>>

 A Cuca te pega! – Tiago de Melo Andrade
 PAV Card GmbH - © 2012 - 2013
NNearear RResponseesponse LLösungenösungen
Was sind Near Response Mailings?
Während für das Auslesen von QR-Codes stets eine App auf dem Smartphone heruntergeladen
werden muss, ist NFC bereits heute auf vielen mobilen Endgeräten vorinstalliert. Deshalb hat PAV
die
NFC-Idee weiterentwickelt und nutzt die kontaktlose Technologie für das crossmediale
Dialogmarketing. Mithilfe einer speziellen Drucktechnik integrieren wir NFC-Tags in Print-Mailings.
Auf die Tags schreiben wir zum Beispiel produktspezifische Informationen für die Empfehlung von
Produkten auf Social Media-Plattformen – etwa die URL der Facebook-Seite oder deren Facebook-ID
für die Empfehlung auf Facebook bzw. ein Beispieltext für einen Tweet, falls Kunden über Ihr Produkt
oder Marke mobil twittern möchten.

<<

Which lines in the data above hold the string "Mailings"? Return each of them.

Was sind Near Response Mailings?
Dialogmarketing. Mithilfe einer speziellen Drucktechnik integrieren wir NFC-Tags in Print-Mailings.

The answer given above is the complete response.